Prepare necessary journal entries for revenue recognition


Journal entries; point of delivery, installment sales, and cost recovery methods

Response to the following :

[This is a variation of problem 1 focusing on journal entries.]

On July 1, 2016, the Foster Company sold inventory to the Slate Corporation for $300,000. Terms of the sale called for a down payment of $75,000 and three annual installments of $75,000 due on each July 1, beginning July 1, 2017. Each installment also will include interest on the unpaid balance applying an appropriate interest rate. The inventory cost Foster $120,000. The company uses the perpetual inventory system.

Required:

1. Prepare the necessary journal entries for 2016 and 2017 assuming revenue recognition upon delivery. Ignore interest charges.

2. Repeat requirement 1 applying the installment sales method.

3. Repeat requirement 1 applying the cost recovery method.

Problem 1:

Installment sales; alternative recognition methods

On July 1, 2016, the Foster Company sold inventory to the Slate Corporation for $300,000. Terms of the sale called for a down payment of $75,000 and three annual installments of $75,000 due on each July 1, beginning July 1, 2017. Each installment also will include interest on the unpaid balance applying an appropriate interest rate.

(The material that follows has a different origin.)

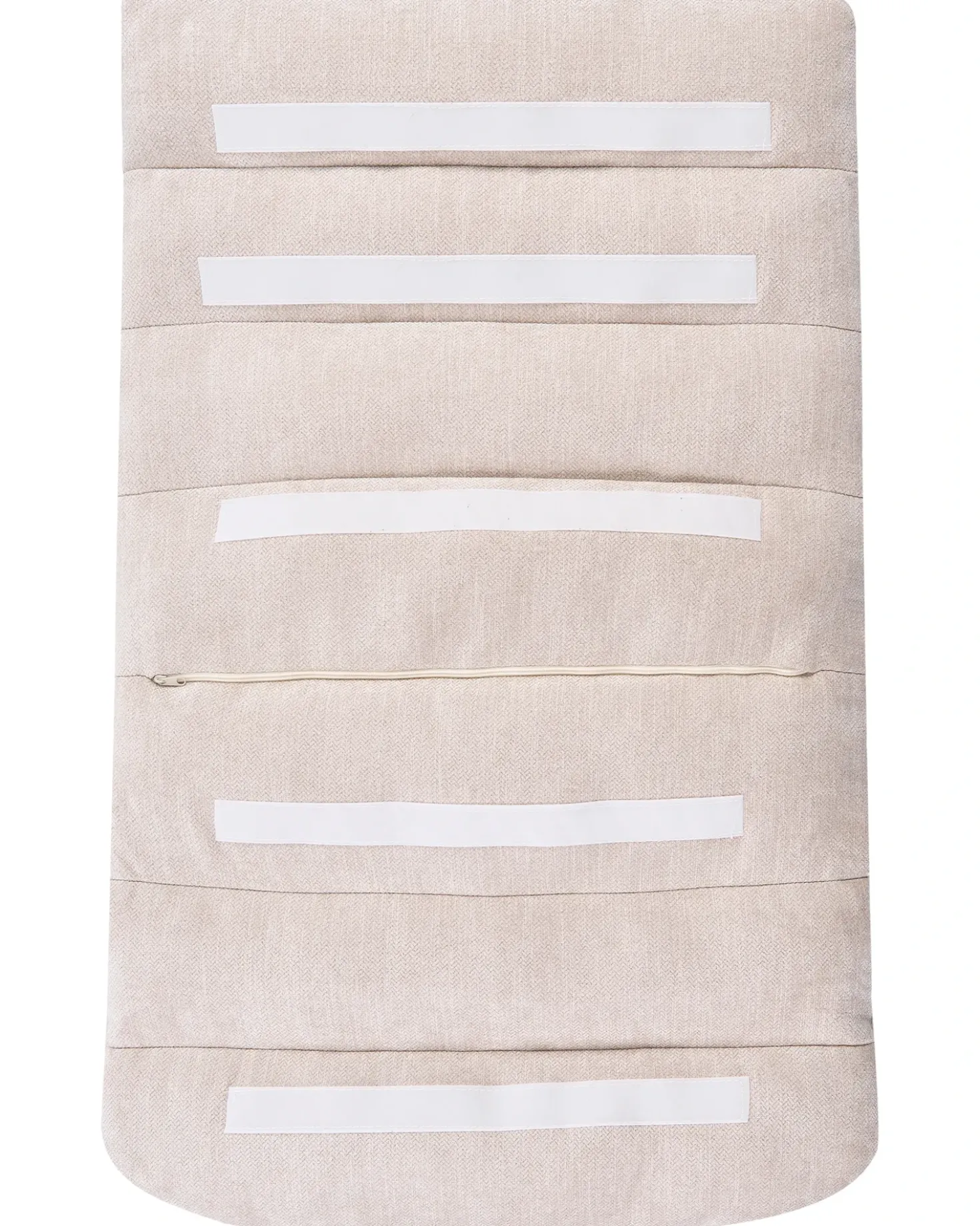 Poltrona girevole HOVET Beige chiaro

The inventory cost Foster $120,000. The company uses the perpetual inventory system.

Required:

1. Compute the amount of gross profit to be recognized from the installment sale in 2016, 2017, 2018, and 2019 if revenue was recognized upon delivery. Ignore interest charges.

2. Repeat requirement 1 applying the installment sales method.

3. Repeat requirement 1 applying the cost recovery method.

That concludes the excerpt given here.